A discomforting reality is that health care has now become so expensive that the insurance function is no longer limited to a transfer between the many who are healthy to those with health care needs; it now also requires a transfer from the wealthy to moderate- and low-income individuals who have health care needs.

Competition of health plans provides no market motivation to provide wealthier individuals with incentives to pay more for their health care coverage than do average-income individuals. That will occur only with intervention by our own government. Even with progressive tax policies and government regulation, private plans would continue to waste considerable resources to maintain low-risk, low-cost financing pools while shifting the responsibility of actually paying for health care to other competitors, including “competing” government programs. The Medicare Advantage plans have proven that this is not mere policy theory.

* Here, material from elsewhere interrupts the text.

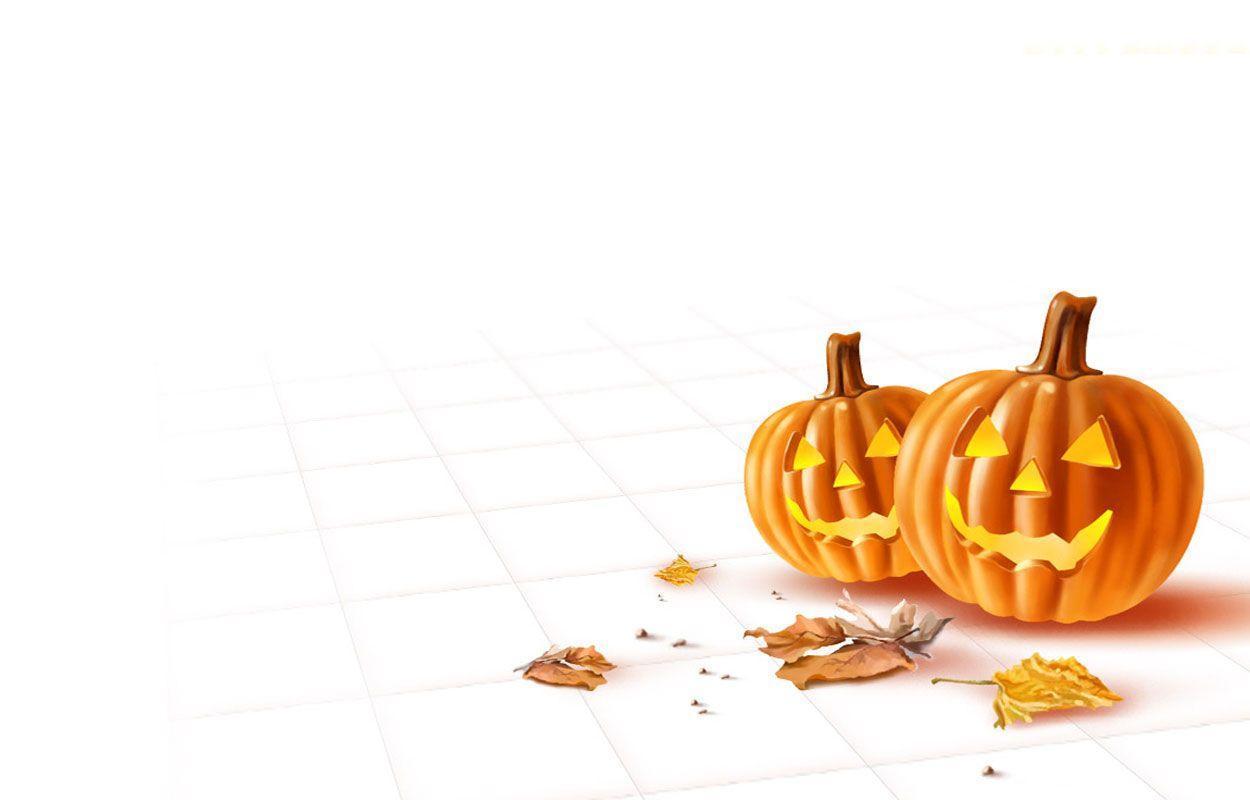 Fall Pumpkin Background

The last paragraph reveals the fatal policy flaw behind the concept of an efficient government program competing with administratively-wasteful private plans. The competition is not over the ability to provide ever more financing for those requiring the greatest amount of health care, it is over the ability to segregate only the healthiest individuals into the private insurers’ own highly profitable risk pools.

Government health programs don’t compete; they directly address the health care needs of the people. Private plans do compete, but by market manipulations that enable them to contribute as little as possible to the financing of our health care needs.

Competing private plans provide the weakest links in our health care equation. Our health care infrastructure would fare well by removing these flimsy, unreliable links, and replacing them with solid reinforcement through the strength of our own government program.